__AIM OF THE TASK__:
Please copy exactly the line that contains "Puede incluir: Una" and every line after it through the end of the records, leaving the pictures out.
···
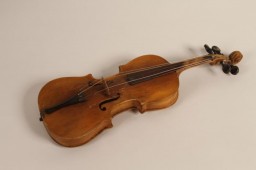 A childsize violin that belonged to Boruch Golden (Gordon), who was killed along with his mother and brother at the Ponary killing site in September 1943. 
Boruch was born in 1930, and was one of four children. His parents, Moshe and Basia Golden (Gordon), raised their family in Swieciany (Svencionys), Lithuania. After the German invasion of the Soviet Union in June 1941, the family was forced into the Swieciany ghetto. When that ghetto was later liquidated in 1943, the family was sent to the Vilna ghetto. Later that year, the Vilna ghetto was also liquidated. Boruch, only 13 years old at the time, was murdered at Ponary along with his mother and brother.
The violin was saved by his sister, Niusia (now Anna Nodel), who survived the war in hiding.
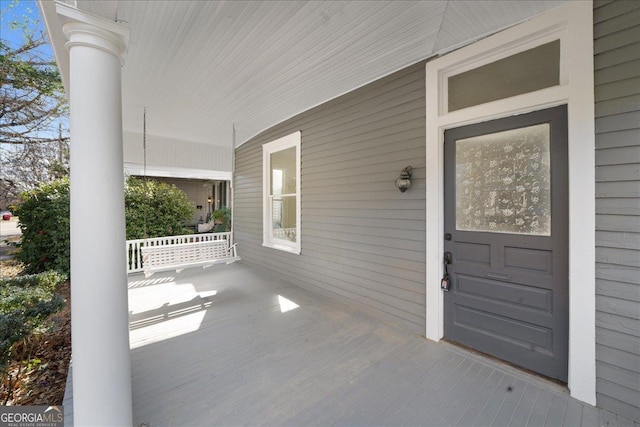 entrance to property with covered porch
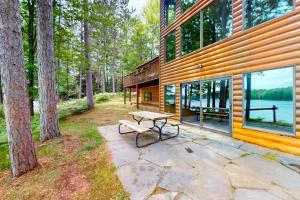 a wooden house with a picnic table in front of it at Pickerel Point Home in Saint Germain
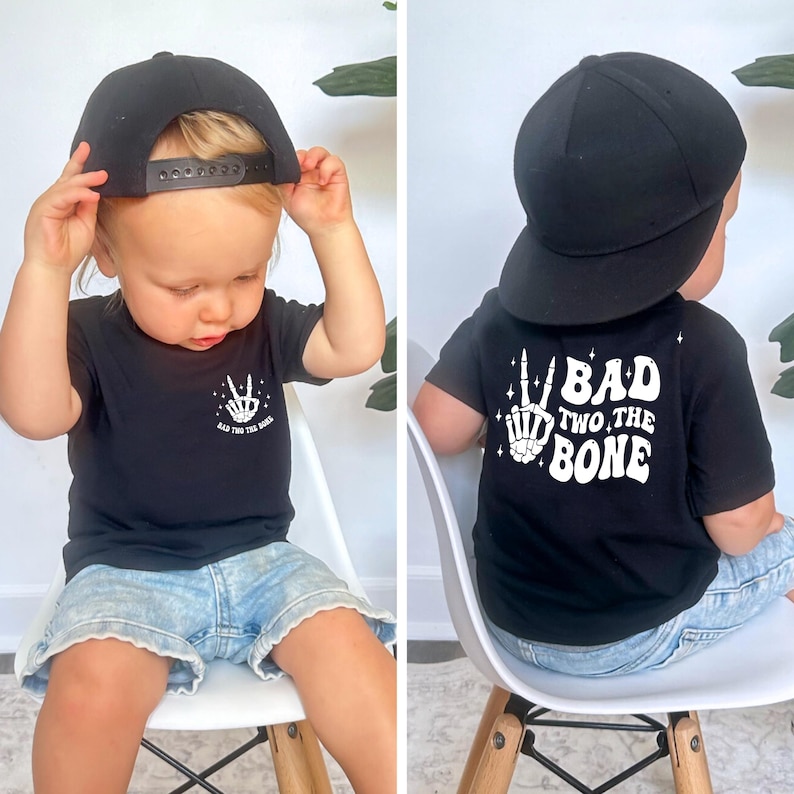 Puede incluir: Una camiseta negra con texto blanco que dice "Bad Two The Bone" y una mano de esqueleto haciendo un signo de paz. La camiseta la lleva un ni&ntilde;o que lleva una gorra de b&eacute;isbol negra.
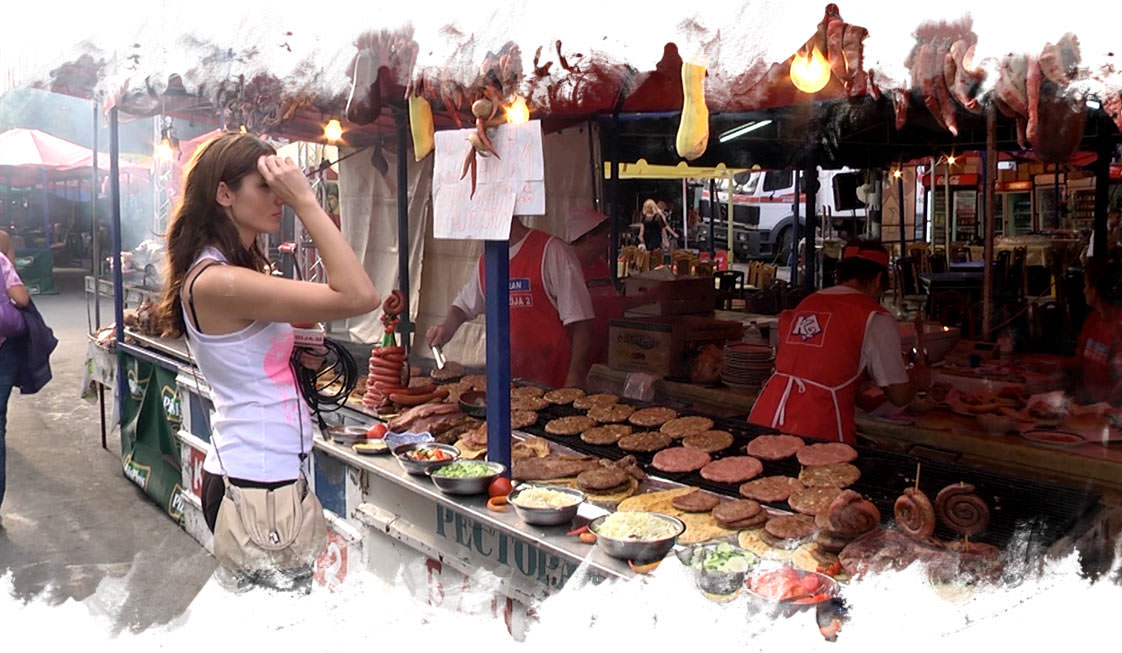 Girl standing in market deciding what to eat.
···
__SOLUTION FOR THIS TASK__:
 Puede incluir: Una camiseta negra con texto blanco que dice "Bad Two The Bone" y una mano de esqueleto haciendo un signo de paz. La camiseta la lleva un ni&ntilde;o que lleva una gorra de b&eacute;isbol negra.
 Girl standing in market deciding what to eat.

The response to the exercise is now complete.